Wednesday, March 28, 2012

On the Authority of the Preacher and the Scripture

I enjoy hearing people teach God's Word.

Many times, though, different preachers either offer different insight on a passage of scripture, and sometimes their teaching contradicts what another preacher says of does.

Creflo Dollar preaches about the importance of loving God with all your heart, mind, soul, and strength.

Pastor Joseph Prince has pointed out that this commandment, the first of the two great commandments, comes from the Old Covenant.

Bob George, another impassioned evangelic has also made the case, using Scripture, that we are able to love God to the extent that we grow in grace and knowledge of His love for us!

Scripture bears out that the believer's greatest commandment is to grow in grace and knowledge of the Lord. Creflo Dollar, like many American preachers, still places greater emphasis on what we must do, whereas the Scripture and preachers aligned toward the grace accorded to us emphasize or identity in Christ.

In the case of Creflo Dollar, therefore, the revelation is simply incomplete. Even reading John's First Epistle confirms the immediacy and primacy of God's love in our lives as the priming force for us to love others:

"We love, because He first loved us." (1 John 4: 19, New American Standard Bible )

It is important for every student of God's Word to rightly divide the Word of God (2 Timothy 2: 15).

 Every word of the Bible is truly stated, but not always a statement of truth, or an element of the Old Covenant,which God found fault with and replaced with the New Covenant of God's Grace working in us by the Power of the Holy Spirit (Hebrews 8: 8 - 12)

When listening to a preacher, every listener must pay heed to how well the teacher heeds the primacy of the New Covenant in place of the Old. If someone is teaching truth from the Old Covenant apart from the Finished Work of Jesus Christ, the interpretation and application which one may draw from the teaching may lead to all kinds of errors.

For example, the two great commandments listed in Deuteronomy:

""The first of all the commandments is, Hear, O Israel; The Lord our God is one Lord:

"And thou shalt love the Lord thy God with all thy heart, and with all thy soul, and with all thy mind, and with all thy strength: this is the first commandment.

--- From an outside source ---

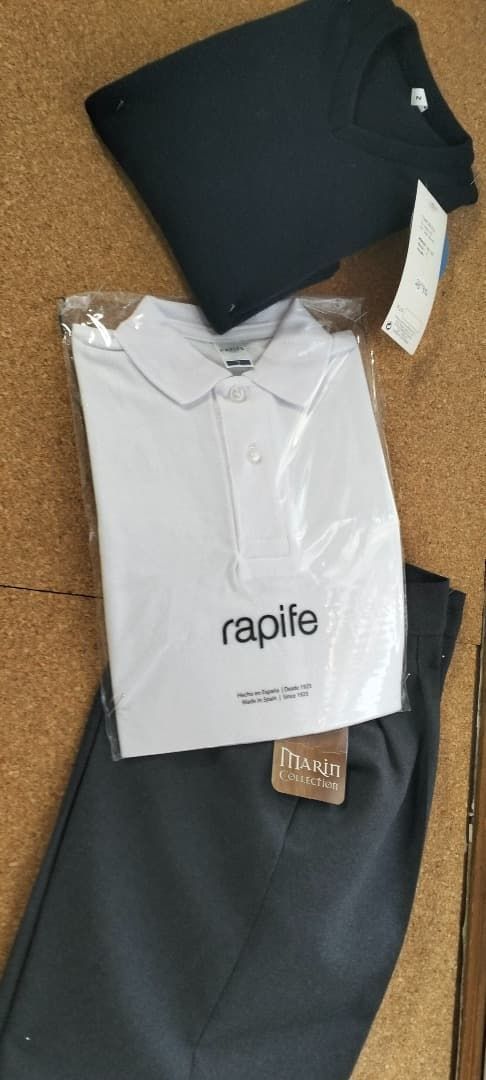 Prenda negra con una etiqueta blanca de Rapha, colocada sobre una superficie de corcho.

"And the second is like, namely this, Thou shalt love thy neighbour as thyself. There is none other commandment greater than these." (Mark 12: 29-31)

These commands are total, no room for error, and trying to love is not enough. This law, rather than inspiring individuals to be loving and obedient, must necessarily produce despair, as no one can love God with everything that they have.

The heart of man is wicked:

"The heart is deceitful above all things, and desperately wicked: who can know it?" (Jeremiah 17: 9)

Of himself, man cannot possible love God with all his heart. In the New Covenant, God promised to give man a new heart:

"And I will give them one heart, and I will put a new spirit within you; and I will take the stony heart out of their flesh, and will give them an heart of flesh:" (Ezekiel 11: 19)

Here "flesh" is better translated "soft" or "of good tidings": the Gospel!



Paul explains that the law is not intended for man to live by, but to bring man to the end of himself:

"Knowing this, that the law is not made for a righteous man, but for the lawless and disobedient, for the ungodly and for sinners, for unholy and profane, for murderers of fathers and murderers of mothers, for manslayers," (1 Timothy 1:9)

Paul also writes regarding the purpose of the law, the chief of which being to love God with all that we have:

"Now we know that what things soever the law saith, it saith to them who are under the law: that every mouth may be stopped, and all the world may become guilty before God.

"Therefore by the deeds of the law there shall no flesh be justified in his sight: for by the law is the knowledge of sin." (Romans 3: 19-20)

To the Galatians, Paul explains explicitly the law' temporary role as guardian until the Gospel was preached through Jesus Christ:

"But before faith came, we were kept under the law, shut up unto the faith which should afterwards be revealed.

"Wherefore the law was our schoolmaster to bring us unto Christ, that we might be justified by faith.

"But after that faith is come, we are no longer under a schoolmaster." (Galatians 3: 23-25)

To preach to believers that they have to "love God" is an unconscionable abuse of the Scripture, as no man can love God, in his own human efforts, to the ultimate standard demanded by the law.

Creflo Dollar must amend his teachings if he wishes to instill and remind his hearers of their true, redeemed identity in Christ.

In some cases, therefore, some preachers have failed to rightly divide the Word of God. Still preaching the Old Covenant, they neglect the glorious power of God working thorough us by the power of the Holy Spirit, who enables, ennobles, and supplies us to be obedient!